[MATERIAL TO PROCESS]:
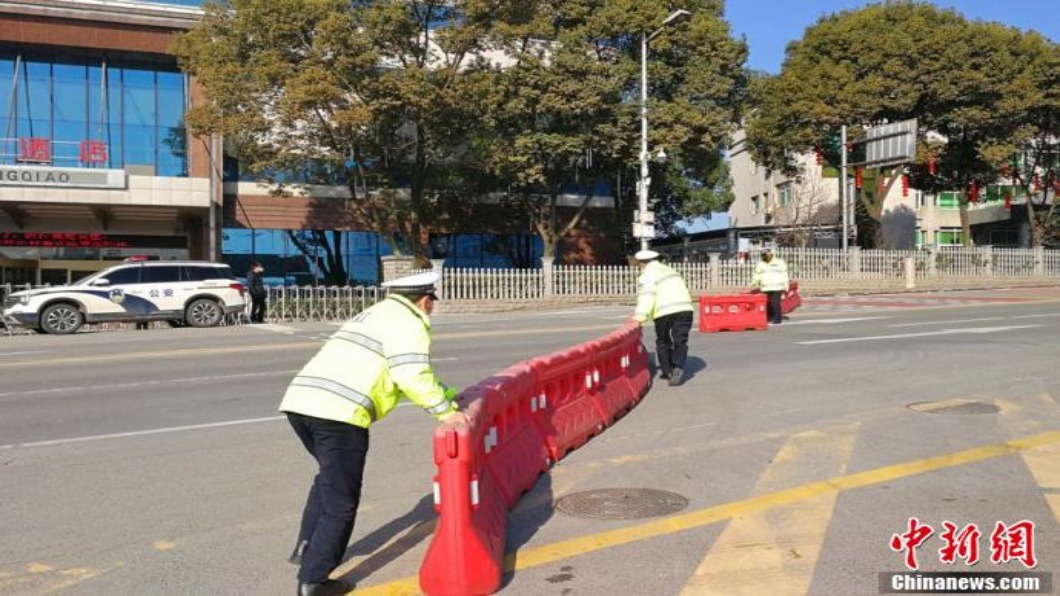 大陸湖北正式解封 跨省高速道路.機場回歸正軌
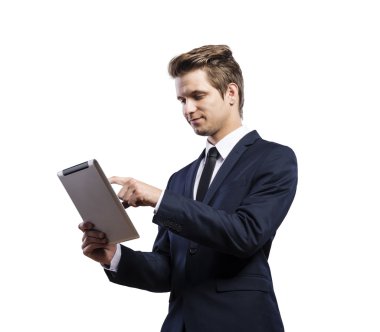 Genç yakışıklı işadamı tablet ile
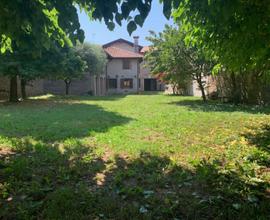 SPLENDIDA CASA FRIULANA CON 2.800 MQ DI GIARDINO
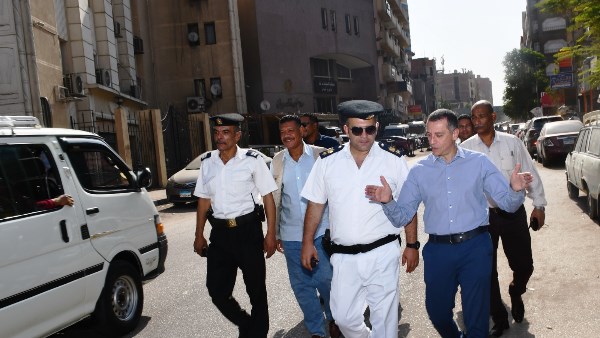 جولة ميدانية.. محافظ أسوان يتابع الانضباط بشارع كسر الحجر ودراسة حلول السيولة المرورية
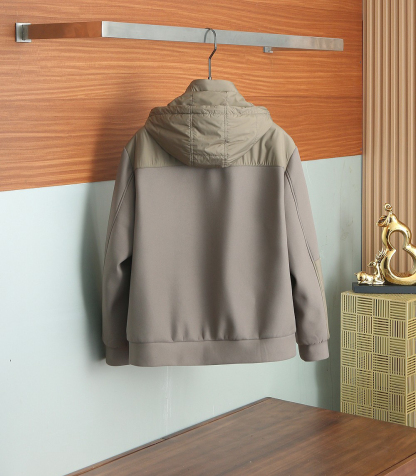 プラダ「Prada」秋冬 フード付きアウター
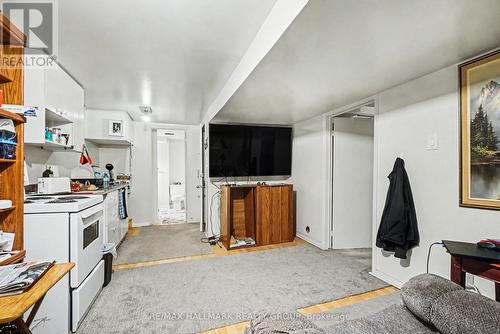 981 Larkin Street, Ottawa, ON - Indoor Photo Showing Kitchen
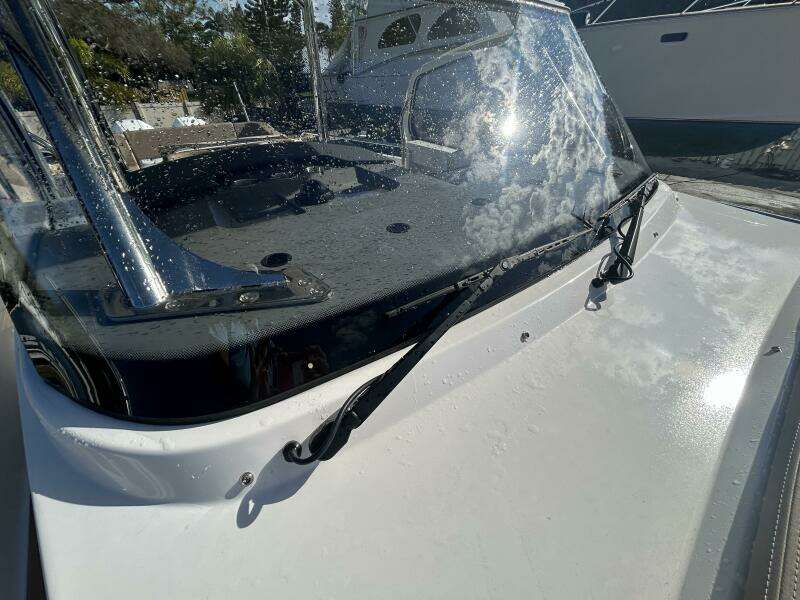 2024 Nimbus Tender 9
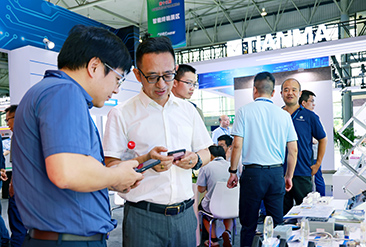 成都电子展现场活动图2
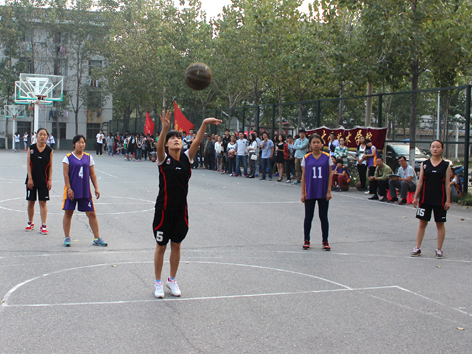 小说狂人
女篮队晋级“河大杯”女篮比赛四强2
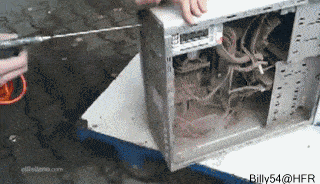 futubandera:  el pc de un usuario promedio  Damn that is one dusty computer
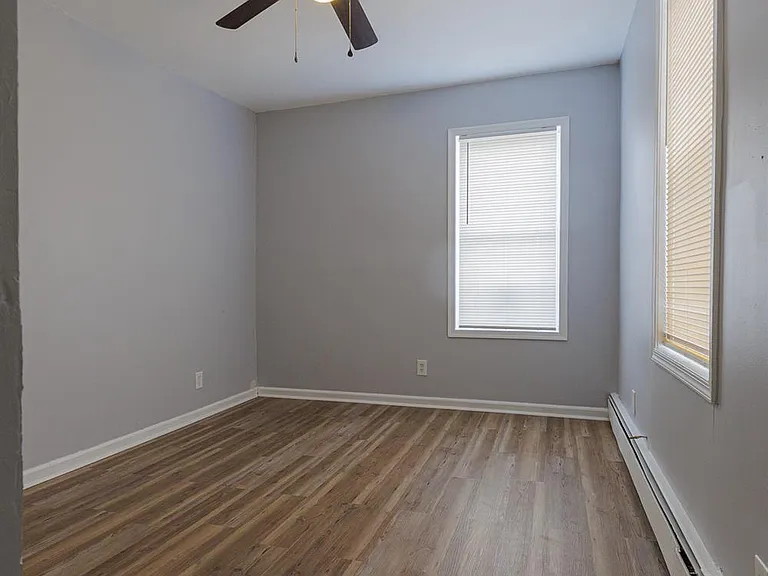 16 Somerset St #2 — Photo 15
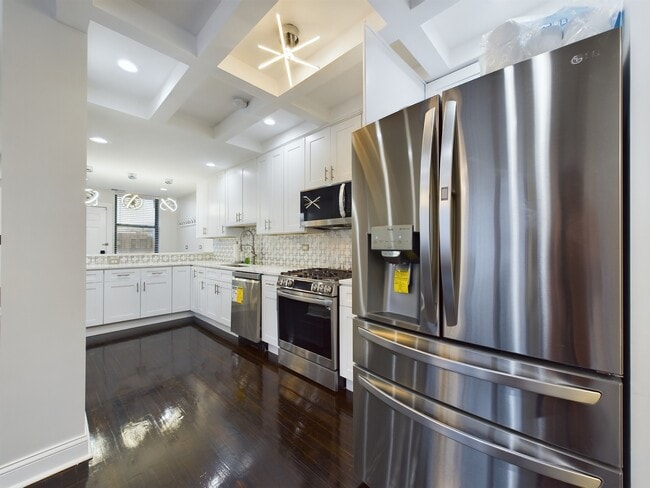 Photo - 5005 S Prairie Ave Unit 5005C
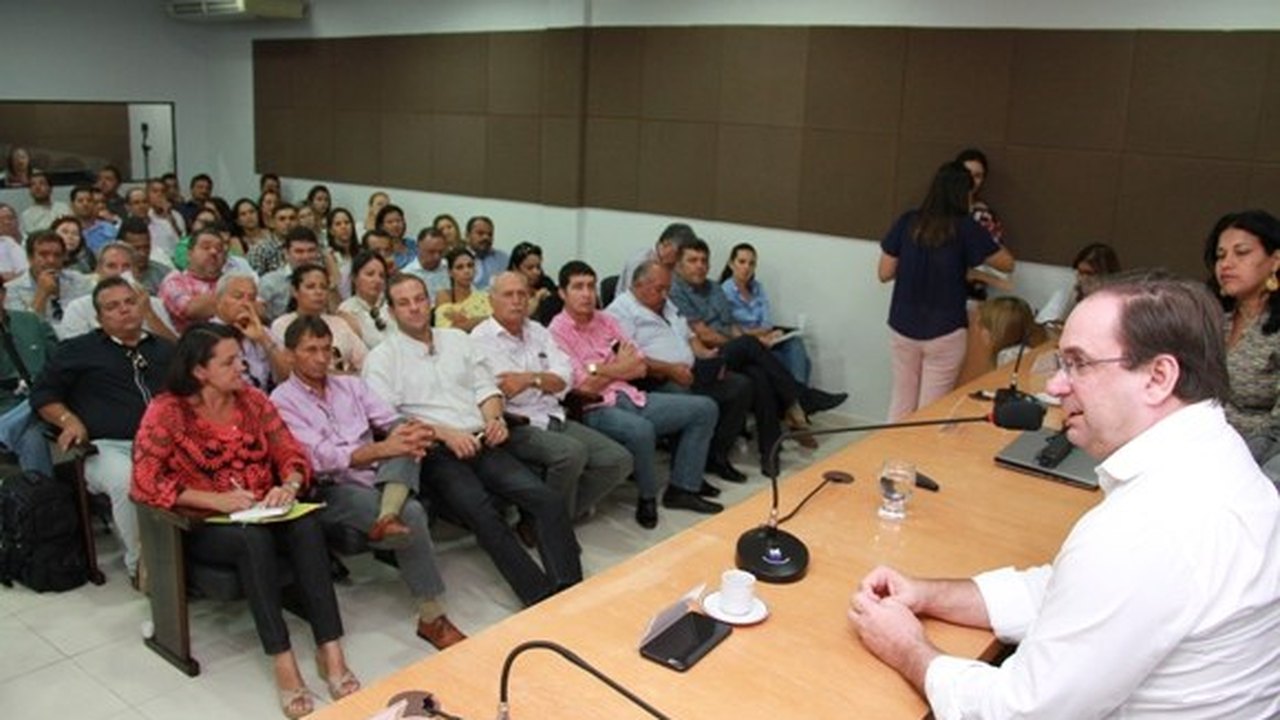 Luciano Barbosa discute parceria para municipalização da Educação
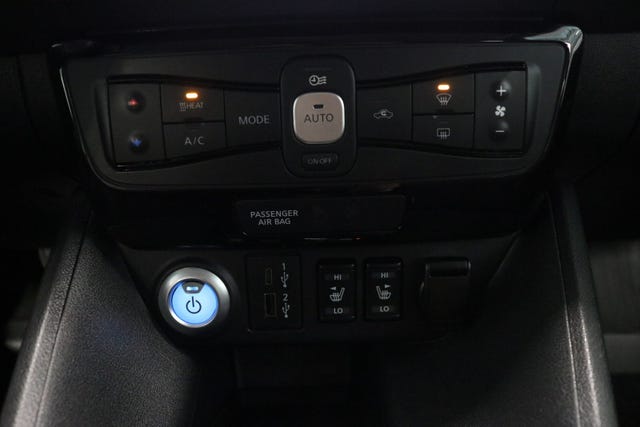 2021 NISSAN LEAF - 40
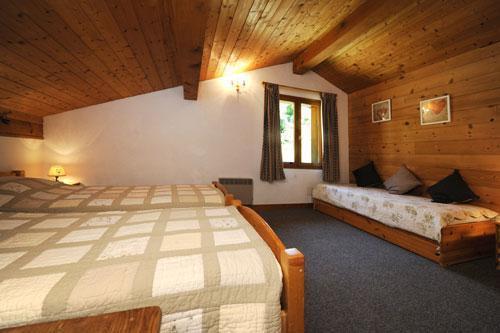 Rent in ski resort Chalet le Cristal - Les Menuires - Bedroom under mansard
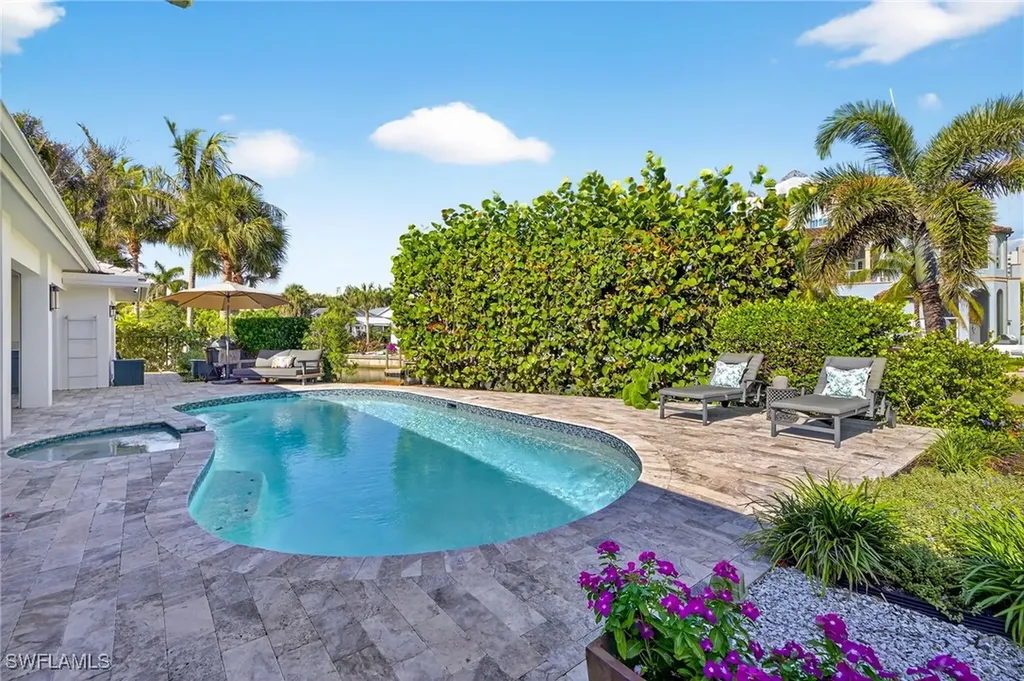 5215 Seashell Avenue Naples FL 34103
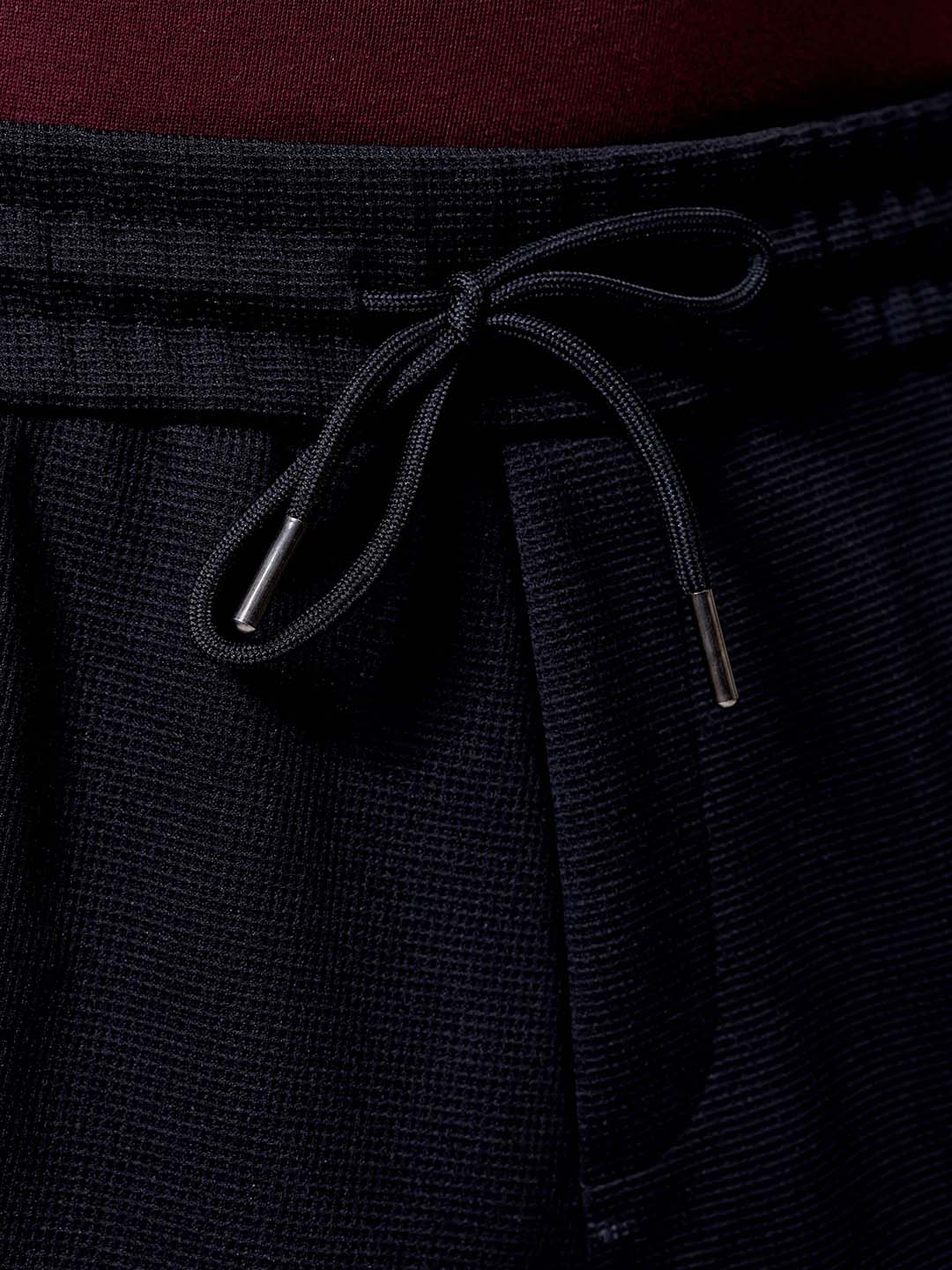 Men's Black Relaxed Fit Textured Utility Shorts - Image 6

[WHAT YOU NEED TO DO]:
Your output should be only the lines from the line with "Luciano Barbosa discute" through the end of the data, exactly as they stand, and no pictures.

[YOUR SOLUTION]:
 Luciano Barbosa discute parceria para municipalização da Educação
 2021 NISSAN LEAF - 40
 Rent in ski resort Chalet le Cristal - Les Menuires - Bedroom under mansard
 5215 Seashell Avenue Naples FL 34103
 Men's Black Relaxed Fit Textured Utility Shorts - Image 6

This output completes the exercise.